Krol: No I do not, or at least not in the short term, for the reasons stated above. We have barely started the new regime so we will need some time to think and digest what is being reported in the first place. The general content is broadly fine, and managers do not necessarily dispute the idea that regulators need to have a good picture of what individual funds as well as the industry is doing, especially as regards some of the key metrics and exposures. However, the methodology behind the questions is occasionally flawed and needlessly divergent. It would be nice if regulators in the United States and the European Union harmonised their methodologies behind, for example, the calculation of leverage and Regulatory Assets under Management (RAuM). Take leverage. The United States essentially uses a balance sheet measure of leverage, whereas Europe uses the gross and commitment methods. This needs to be sorted out over time, as it suits neither managers, investors nor regulators to receive data which cannot be consistently compared across the globe.

COO: Looking forward, what are the biggest regulatory challenges for managers?

Krol: The European Market Infrastructure Regulation (EMIR), which forces managers and their counterparts to report details of exchange-traded derivatives and over the counter (OTC derivatives to trade repositories is proving a challenge. EMIR reporting has been compounded by all of the confusion surrounding the generation of Unique Trade Identifiers (UTIs), which is designed to avoid double counting of transactions, so trade repositories are struggling to reconcile trades (see the COOConnect Guide to Derivative Reporting in Europe, page 22). Unlike Dodd-Frank, EMIR demands two-sided reporting, which is a burden. Going forward, the EU Securities Financing Transactions Regulation will oblige managers to report details of their securities lending, and repo activities to trade repositories. It will also potentially force managers to report details of securities financing transactions and re-hypothecation of funds’ assets to investors. The Markets in Financial Instruments Directive II (MiFID II), due to be implemented in January 2017, will also have a substantial impact for those managers who still retain MiFID entities, as they will be less likely to rely on third parties for their transaction reporting.

COO: So there is a lot of reporting still to come. How can managers best leverage the experience they have with compiling previous reports and apply it to the rules yet to take effect?

Krol: I have heard from managers in the United States considering marketing to investors in Europe through the national private placement regimes that they are leveraging a lot of the skill-sets they acquired when filing Form PF and applying it to Annex IV. While managers are unhappy that they must supply an Annex IV to each and every regulatory authority in which they have a marketing operation, they seem to be coping, and the PF experience has proven useful in that regard. Most managers will not file more than three or four Annex IVs. Likewise, larger managers in the United Kingdom who have submitted data to the annual FCA hedge fund survey have found Annex IV to be less of a strain. However, all of these regulatory reports do present a significant cost, and therefore a barrier to entry, particularly for the smaller managers. Most of all, managers need to think about designing internal systems which can be flexible in accommodating new data and reporting requests. After the financial crisis, reporting has become something which regulators assume is a basic prerogative.

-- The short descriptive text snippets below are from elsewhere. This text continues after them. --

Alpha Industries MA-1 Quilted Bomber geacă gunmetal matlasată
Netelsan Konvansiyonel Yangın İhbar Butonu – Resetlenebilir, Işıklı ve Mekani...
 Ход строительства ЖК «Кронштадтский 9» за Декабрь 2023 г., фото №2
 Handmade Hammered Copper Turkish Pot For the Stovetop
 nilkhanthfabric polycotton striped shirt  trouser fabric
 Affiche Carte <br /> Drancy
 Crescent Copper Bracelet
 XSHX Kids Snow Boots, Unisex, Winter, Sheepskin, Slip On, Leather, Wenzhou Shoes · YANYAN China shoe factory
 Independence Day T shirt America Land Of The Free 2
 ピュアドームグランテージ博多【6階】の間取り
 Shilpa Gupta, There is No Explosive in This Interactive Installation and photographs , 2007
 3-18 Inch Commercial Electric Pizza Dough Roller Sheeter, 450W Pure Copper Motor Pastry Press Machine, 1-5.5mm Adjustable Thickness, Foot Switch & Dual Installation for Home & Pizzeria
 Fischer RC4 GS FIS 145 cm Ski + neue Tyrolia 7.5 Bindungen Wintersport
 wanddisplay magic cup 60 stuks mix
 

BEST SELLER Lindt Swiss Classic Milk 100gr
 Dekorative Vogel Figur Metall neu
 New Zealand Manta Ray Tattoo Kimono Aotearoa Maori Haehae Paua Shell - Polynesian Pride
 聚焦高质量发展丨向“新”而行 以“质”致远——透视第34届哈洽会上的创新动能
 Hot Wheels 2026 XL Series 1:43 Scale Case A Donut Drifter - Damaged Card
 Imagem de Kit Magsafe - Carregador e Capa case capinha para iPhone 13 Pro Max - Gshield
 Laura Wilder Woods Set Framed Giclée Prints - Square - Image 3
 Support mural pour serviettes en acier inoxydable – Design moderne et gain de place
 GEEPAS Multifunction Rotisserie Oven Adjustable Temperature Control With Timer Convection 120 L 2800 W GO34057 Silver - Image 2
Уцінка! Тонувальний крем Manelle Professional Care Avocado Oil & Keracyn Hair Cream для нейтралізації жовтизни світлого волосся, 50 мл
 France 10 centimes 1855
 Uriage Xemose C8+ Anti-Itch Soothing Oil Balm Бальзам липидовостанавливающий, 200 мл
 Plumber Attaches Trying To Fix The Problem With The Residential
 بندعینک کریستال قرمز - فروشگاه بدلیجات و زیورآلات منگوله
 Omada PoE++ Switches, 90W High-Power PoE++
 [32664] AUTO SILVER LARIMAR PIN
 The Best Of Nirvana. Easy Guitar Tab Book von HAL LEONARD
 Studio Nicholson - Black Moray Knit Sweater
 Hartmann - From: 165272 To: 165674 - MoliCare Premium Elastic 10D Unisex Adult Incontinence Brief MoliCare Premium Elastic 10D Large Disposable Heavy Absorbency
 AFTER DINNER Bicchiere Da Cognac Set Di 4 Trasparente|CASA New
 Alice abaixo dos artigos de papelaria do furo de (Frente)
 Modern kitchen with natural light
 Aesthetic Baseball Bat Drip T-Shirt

Very few regulators and policymakers want to hear arguments against more reporting based on costs or the complexity associated with it. The fact that we already have a massively complicated web of reporting relationships and obligations spanning short positions, individual transactions, derivatives trades, commodities positions, risk concentrations and so on, seems to be whetting their appetite for further obligations and ever different slicing and dicing of data. We try to make sure that anything that comes out is sensible and, to the extent possible, non-duplicative, but it is a challenge.